BEGIN The records
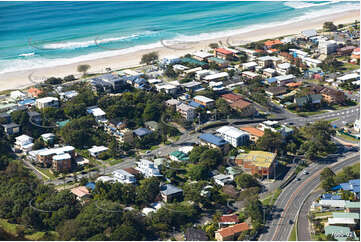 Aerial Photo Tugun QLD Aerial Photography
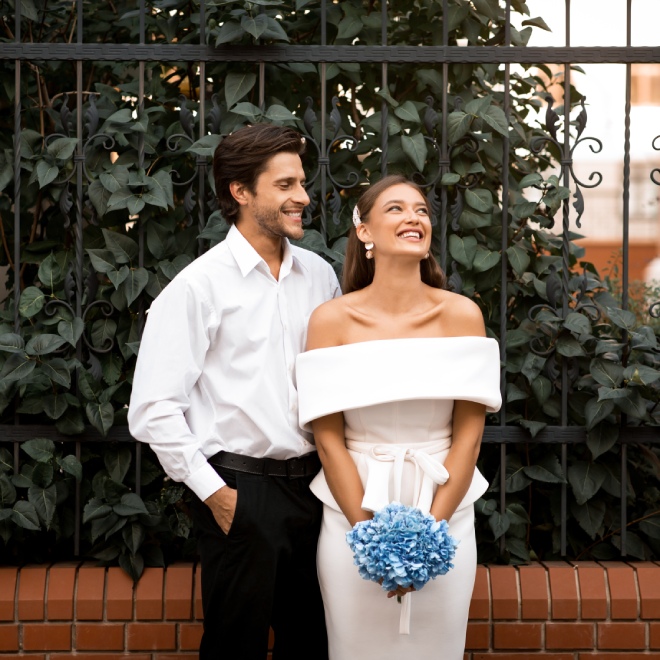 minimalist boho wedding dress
END The records
BEGIN The records
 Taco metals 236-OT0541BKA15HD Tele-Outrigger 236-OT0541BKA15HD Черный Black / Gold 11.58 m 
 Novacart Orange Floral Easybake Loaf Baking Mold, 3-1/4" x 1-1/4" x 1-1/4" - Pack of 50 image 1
END The records
BEGIN The records
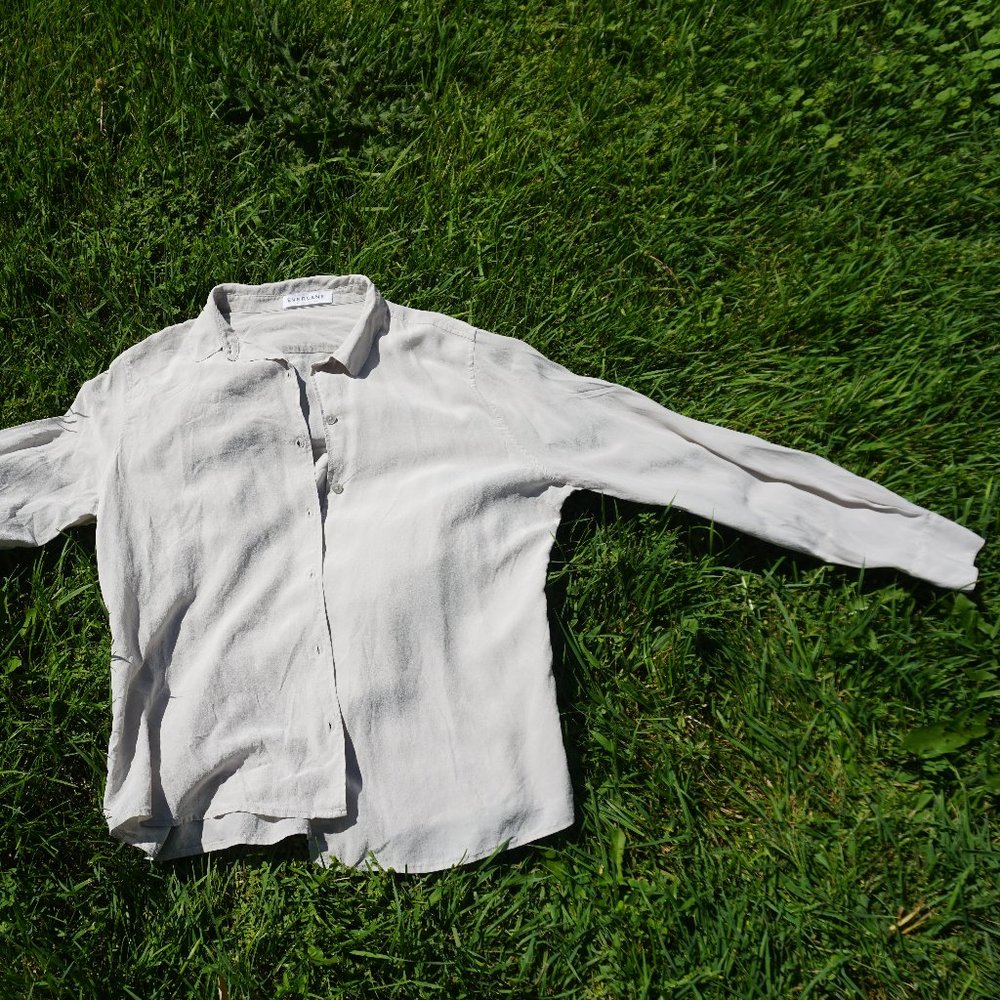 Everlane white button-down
END The records
» Work to complete:
Go to the line above that has "Aerial Photo Tugun QLD Aerial Photography" and copy exactly from there down to the line that has "minimalist boho wedding dress", both included. Leave the pictures out.

» Answer space:
 Aerial Photo Tugun QLD Aerial Photography
 minimalist boho wedding dress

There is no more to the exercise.